Israeli snipers have been shooting Palestinian protesters within the Gaza Strip, claiming that, in doing so, they are protecting Israel’s borders and sovereignty. Is their claim genuine?
Since 30 March, hundreds of Israeli soldiers, including a reported 100 snipers stationed along the eastern border of the Gaza Strip, have been shooting at unarmed Palestinian protesters who are taking part in the activities of the Great March of Return and Breaking the Siege. According to the Ministry of Health in Gaza, they have killed 46 protesters and wounded around 8,000 others, including 25 who have had at least one of their limbs amputated.
The snipers have been shooting mercilessly at Palestinian women, children and men, young and old alike, with no consideration for international laws and conventions.
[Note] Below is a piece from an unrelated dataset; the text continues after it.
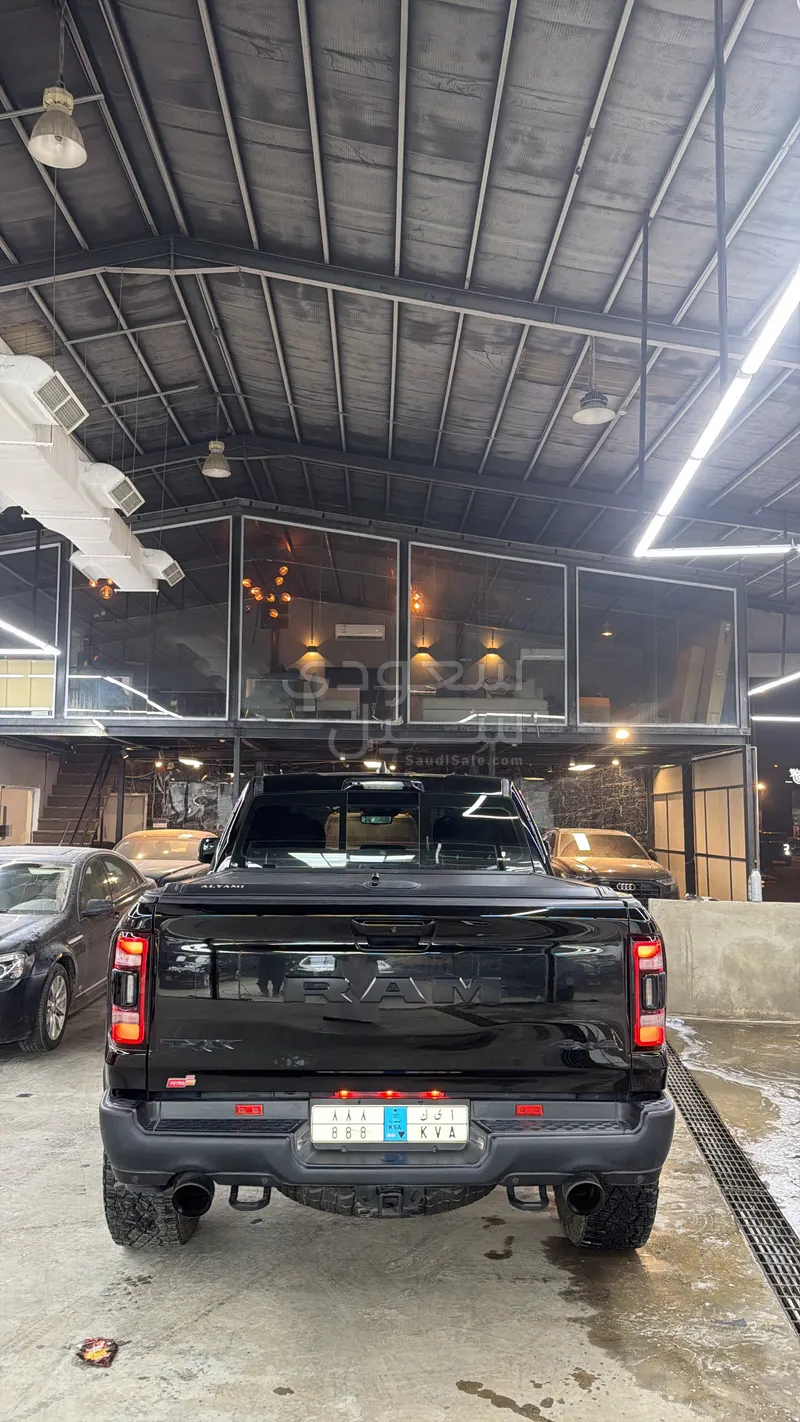 2022 دودج رام تي ار اكس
They completely ignore calls for them to stop their brutal crackdown on the 2 million people besieged in the tiny coastal enclave.
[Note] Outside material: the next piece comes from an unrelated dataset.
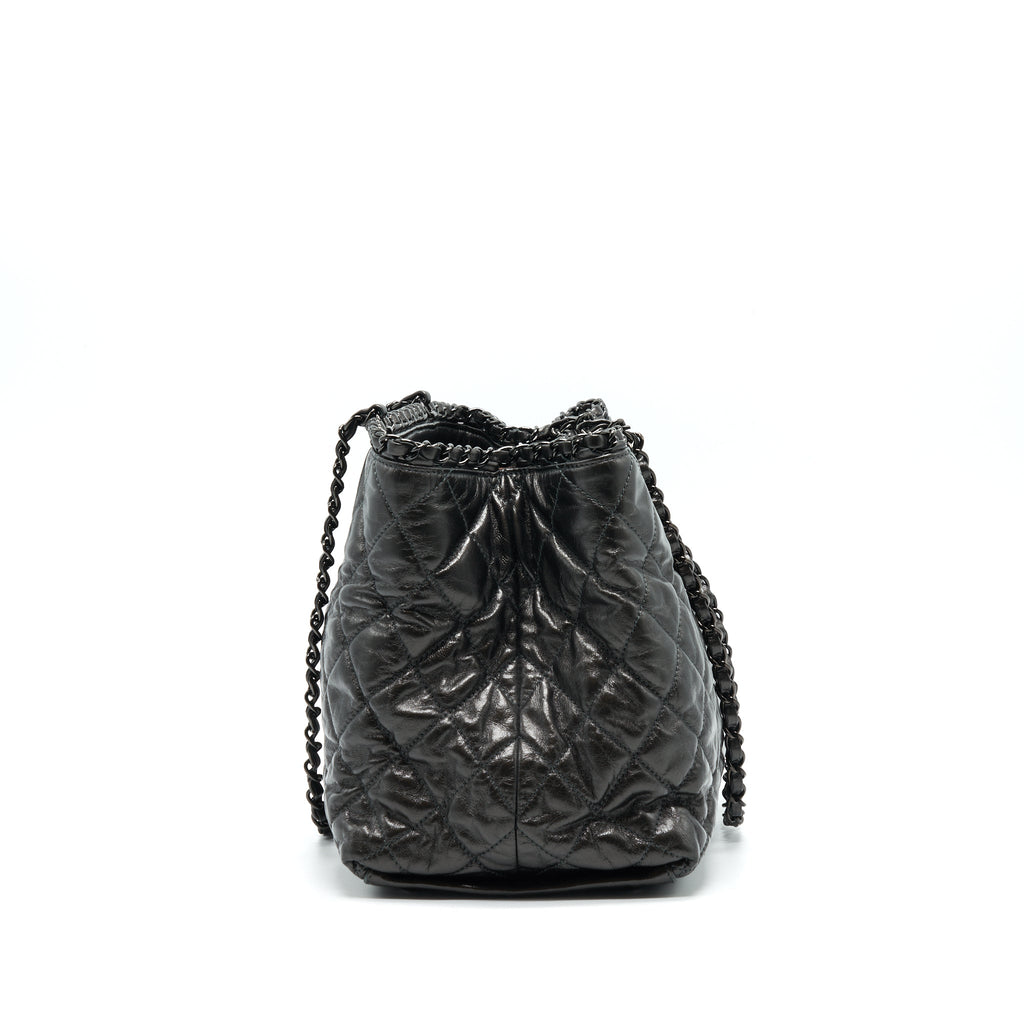 chanel-quilted-tote-bag-with-chain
Human rights groups in Palestine, Israel and other parts of the world, including Amnesty International and Human Rights Watch, as well as UN officials, have accused Israel of using lethal force against the Palestinians in Gaza. Amnesty has twice called for an international arms embargo on Israel to deter its brutal targeting of unarmed civilians.
Meanwhile, Israeli officials have defended their snipers defiantly, despite the fact that they have killed and maimed civilians who were merely exercising their right to demonstrate in their own land, while calling for the implementation of a UN resolution granting them the right to return to their land; it’s a resolution which the international community has failed to implement for 70 years.
Just one day after killing 17 Palestinian protesters near the high security fence that Israel has erected around the Gaza Strip, Prime Minister Benjamin Netanyahu praised Israeli snipers for “guarding the country’s borders” and allowing “Israeli citizens to celebrate the [Passover] holiday peacefully.” He told the soldiers, “Well done.”
Netanyahu’s words of praise were among many spouted by officials and members of the public in Israel. The shootings have been under the pretext of protecting Israel’s supposed borders, but since its creation on Palestinian land in 1948, Israel has never identified its borders; it is unique among UN member states in that it has never declared its borders, giving the game away that Israel is an expansionist, colonial state. Nevertheless, the so-called Green Line — or the Armistice Line — which is the demarcation line set out in the 1949 Armistice Agreement that ended the war between Israel and the Arab states of Egypt, Jordan, Syria and Lebanon, has become the de facto border for the occupation state.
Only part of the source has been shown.